Given the conclusions of issue 1, the issue of exercising discretion became academic. Nonetheless, it was determined that Courts are entitled to exercise their discretion to make an award in line with the Spanish interest rates. Dissecting this conclusion, two reasons were given:

  1. The exercise of this statutory discretion has been long considered, and a relevant factor may well include relevant provisions of the overseas law.
  2. While the interest rates after the second year are penal, the rates remain an integral part of the way in which damages for personal injuries paid by insurers are assessed in Spain. Had Spanish penal interest been found a procedural matter, it would be proper to award this sum, as this is what a claimant would have got in Spain; it is not giving claimant’s an advantage by bringing the claim in England, rather it is matching what they would walk away with in Spain. It would be “an unusual case where such an important component of the overall award should be left out of the award as an exercise of discretion” [66].

Findings – Reparation Cost Recovery

While this discrete issue is not the focus of this post, a quick acknowledgment is given to the matter of which law determines the principle of subrogation; Mapfre saying Spanish law, the respondents saying English law. Parties agreed that the answer to this hung on the proper interpretation of article 19 of Rome II.

The issue was dealt with swiftly. A literal reading of article 19 of Rome II, taken step-by-step, was set out, the crux being that Ms Sedgwick’s contract with her insurer was governed by English law. It was therefore found that it is under English law that her insurer had a duty to satisfy her claim, and consequently English law governs the recovery of these sums. Ms Sedgwick was correct to claim in her own name.  

Comment

This judgment provides a security blanket for claimants who have obtained injuries in Spain and are pursuing damages through the English courts; they can have assurance that they will not find themselves worse off because of a technicality of where the money ‘comes from’, be it conventional damages or interest, because they have pursued their losses in the English rather than Spanish courts.

Beyond claims originating from accidents in Spain, the ramification of this judgment extends to cases pursued under Rome II more broadly. While not a definitive determination that, in cases outside Spain, interest is always a matter of substance, this judgment has clarified that interest can be brought within the scope of Rome II. On a country-by-country basis there may be argument to be had that the system of awarding interest is distinguishable from Spain, but it appears the starting point is that interest is a matter of substance.

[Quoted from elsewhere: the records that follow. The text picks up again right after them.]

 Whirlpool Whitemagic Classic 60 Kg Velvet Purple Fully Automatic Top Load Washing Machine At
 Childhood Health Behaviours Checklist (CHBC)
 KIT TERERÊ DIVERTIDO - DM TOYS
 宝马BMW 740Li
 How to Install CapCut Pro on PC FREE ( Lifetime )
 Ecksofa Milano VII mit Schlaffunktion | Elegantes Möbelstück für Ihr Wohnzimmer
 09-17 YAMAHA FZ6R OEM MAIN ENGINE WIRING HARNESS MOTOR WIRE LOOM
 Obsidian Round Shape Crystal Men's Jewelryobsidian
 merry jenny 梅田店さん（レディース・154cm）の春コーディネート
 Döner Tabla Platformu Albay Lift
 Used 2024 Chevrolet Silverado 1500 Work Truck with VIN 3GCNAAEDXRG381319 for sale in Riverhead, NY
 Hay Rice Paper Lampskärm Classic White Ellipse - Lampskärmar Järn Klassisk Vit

In any event, any argument to distinguish a case from this judgment in relation to issue 1 will, arguably, be largely academic. What this judgment has confirmed, and brought back into the spotlight, is the availability of judicial discretion under section 35A of the Senior Courts Act 1981 or section 69 of the County Courts Act 1984, as per Maher. The implication of this is that even if a defendant were to distinguish themselves from this case on issue 1, claimants still have the safeguard of this judgment in respect of issue 2. While this may be of interest to the lawyers, the practical impact for the parties is that, be it through reliance on this judgment in respect of issue 1, issue 2, or both, claimants pursing claims under Rome II likely have the interest provisions of the law of substance available to them.

As a final note, Lord Justice Dingemans at [67] noted that “whether it is appropriate to award extra interest under Part 36, when an insurer has been ordered to pay interest under Act 50/1980, involves a separate exercise of discretion.” How this discretion should be exercised remains a live argument for Defendants to make in appropriate cases.